# DiscKeeper Lite



## GrumpyHermit (May 23, 2004)

I tried it for several days; before I used it for the first time, I defragged using the Windows XP system defrag utility. DiscKeeper Lite upon first running indicated that the drive was horribly fragmented; well, maybe it looks at things differently than Windows does.

I found that DiscKeeper Lite would initiate a pop-up window at various times, asking me to defrag, even when all I had done was some simple websurfing. Worse, when I went to check the results against the Windows XP defrag utility, I discovered that DiscKeeper Lite had hijacked it, and popped its own defrag up in place of the Windows defrag. I had to uninstall DiscKeeper Lite in order to get access to the Windows defrag. Luckily I got it back, I was worried that the changes DiscKeeper made would permanently delete the Windows defrag.

I can't recommend DiscKeeper Lite as a quality software. It's rubbish. :down:


----------



## hewee (Oct 26, 2001)

Never used DiscKeeper Lite but I heard that it was ok till now.

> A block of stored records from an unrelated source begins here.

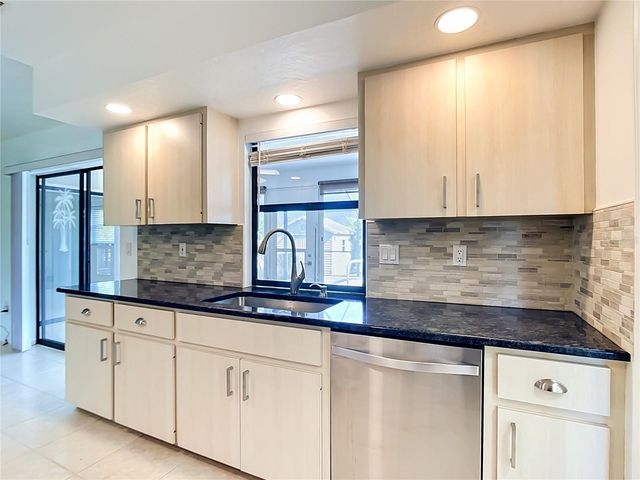 12430 MITCHELL TERRACE, Port Charlotte, FL 33981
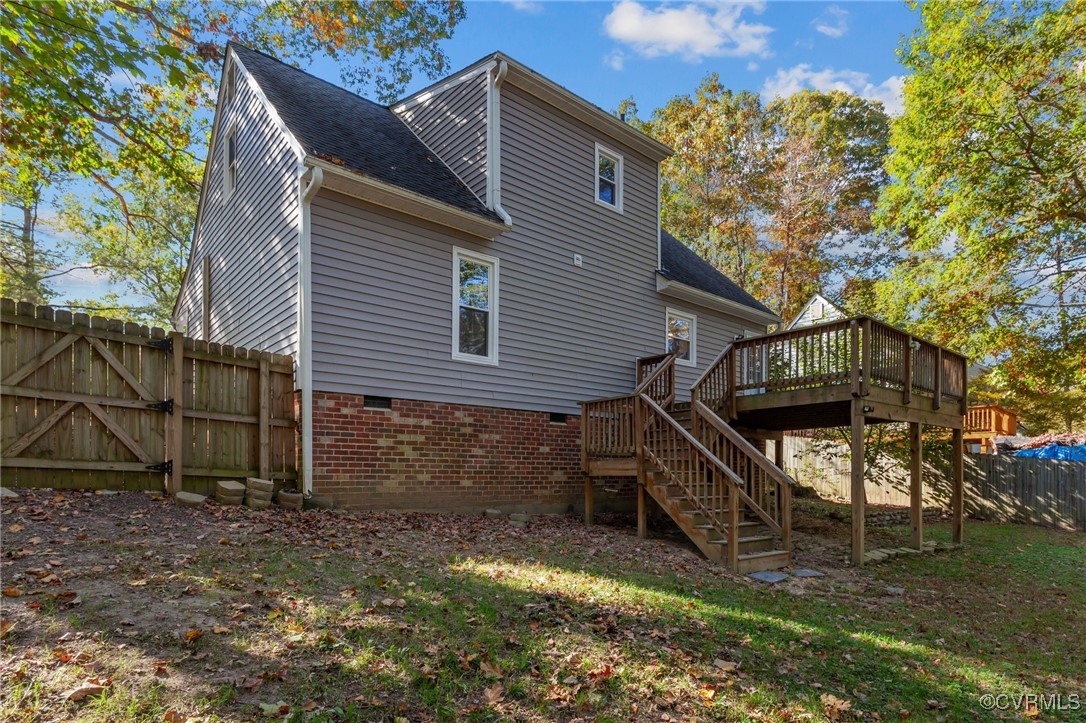 5237 Hallmark Dr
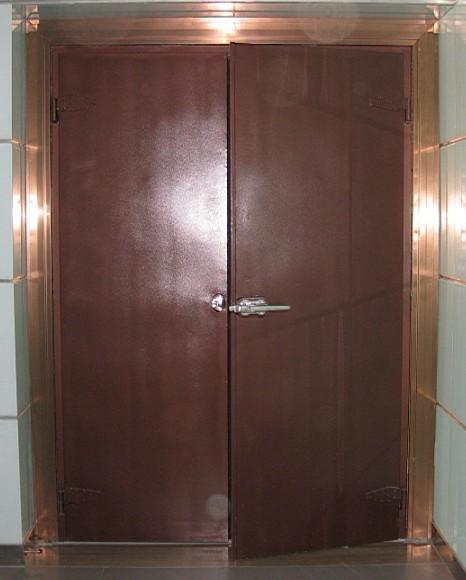 隔声门、隔音门、防火隔音门、隔音门厂家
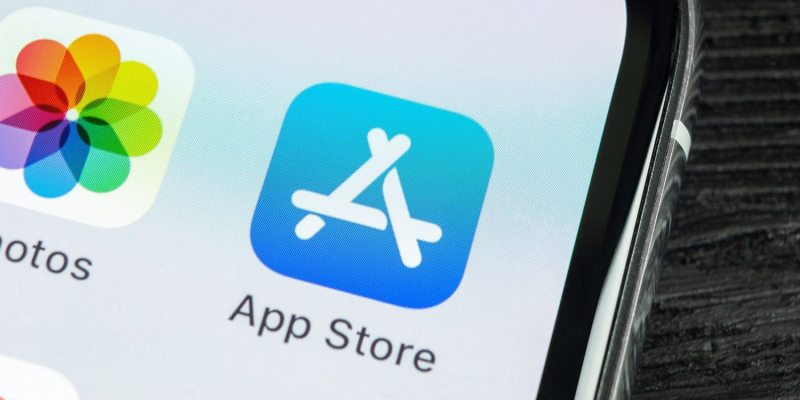 
            Плохие новости: Apple подняла цены в App Store в России на 30%
    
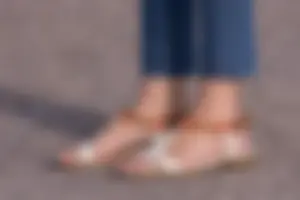 Huge collection of legs and feet photos taken in pubilc places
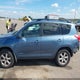 JTMBK31V485068721 2008 Toyota Rav4 Limited V6 auction photo thumbnail 15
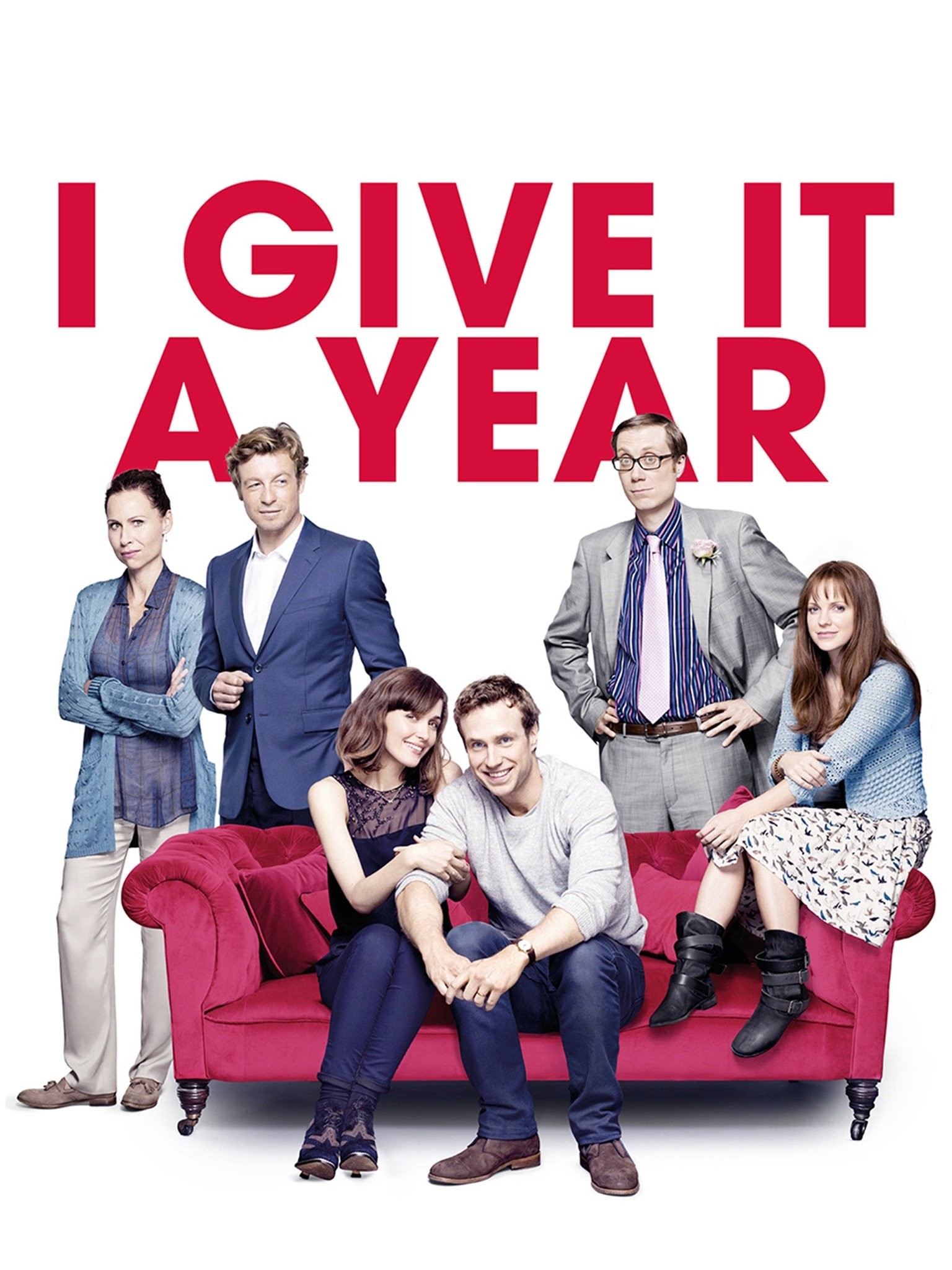 A Dictionary of Non-Scientific Names of Freshwater Crayfishes (Astacoidea  and Parastacoidea), Including Other Words and Phrases, image size:1536x2048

Now DiscKeeper Lite may be like Norton Speed Disk and it defags thing in a order that is not the same way as Windows Defrag. So you should not go back and use the other one. You should stay with the one and only use the one. 
What I mean is the order they each defrag in. Norton moves the swap file to the front of the drive and the trash to the end. There are lots of options you can make in the order that it defrags. 
But after your all done if you use another defrag program it will look at it in the order that it defrags so it world say you need to defrag again.


----------



## SIR****TMG (Aug 12, 2003)

i have norton system cleaner program and i hate it.....it does what hewee says and i like xp cleaner better............


----------



## mach9 (Jan 26, 2004)

Excellent information Hewee. I use O & O for several months now. It gives you 5 options for defrag method. I love that choice. I use the USE method, which seems to be something like whatever you use frequently is lined up to be most available. Another choice sounds more linear, analogous to alphabetizing your files. It's therefore clear that each method would see the other method as leaving computer files and folders quite fragmented, and that's within the same app. Yes. Great advice. Choose one method and stick with it. The stealth method seems to be an ongoing, , lifetime work in progress. If you switch between methods, or switch programs, you'll be getting confusing info from the program if you aren't aware that the programs may be using different methods. Thanks Hewee for that clarification.


----------



## twotugs (May 14, 2003)

Sorry you had a bad experience with Diskeeper Lite, GrumpyHermit. I use it, and prefer it to the default defrag utility that comes with XP. Believe it or not, the company that makes Diskeeper (the Lite version, too), also had a hand in the XP defrag tool.

http://support.microsoft.com/default.aspx?scid=kb;en-us;314848&Product=winxp

You're right, the pop-ups can be a bit annoying (it has a habit of appearing right at a critical moment in Goldminer  ). I think you can stop it by changing the startup priority to "Manual" from "Automatic." You'll have to run it periodically, same as the XP defragger.

Keep in mind that Diskeeper Lite is free; if you want the good stuff, you usually have to pay for it (Diskeeper 8 is $45 for XP Pro, $30 for XP Home, and I don't know why there's a difference between the two). I like Lite, though, so I'll keep using it. I just have to do a lot of stuff manually, like occasionally moving the paging file to another drive to defrag my XP partition. BTW, here's a good read on that:

http://support.microsoft.com/defaul...port/kb/articles/Q227/3/50.ASP&NoWebContent=1


----------



## Skivvywaver (Mar 18, 2001)

I use diskeeper pro. I like it alot. The boot time defrag is awesome and I have it set to defrag every night while I'm sleeping. If there are storms and I shut down for the night I do a manual defrag. I prefer defragging daily to any other schedule. I figure if it takes 2-3 minutes a day to defrag it is better than an hour once a month. It still comes out to the same amount of time but I never have a fragged HDD. It is all in what you like I guess. It defrags both drives at the same time. A real time saver for me.:up:


----------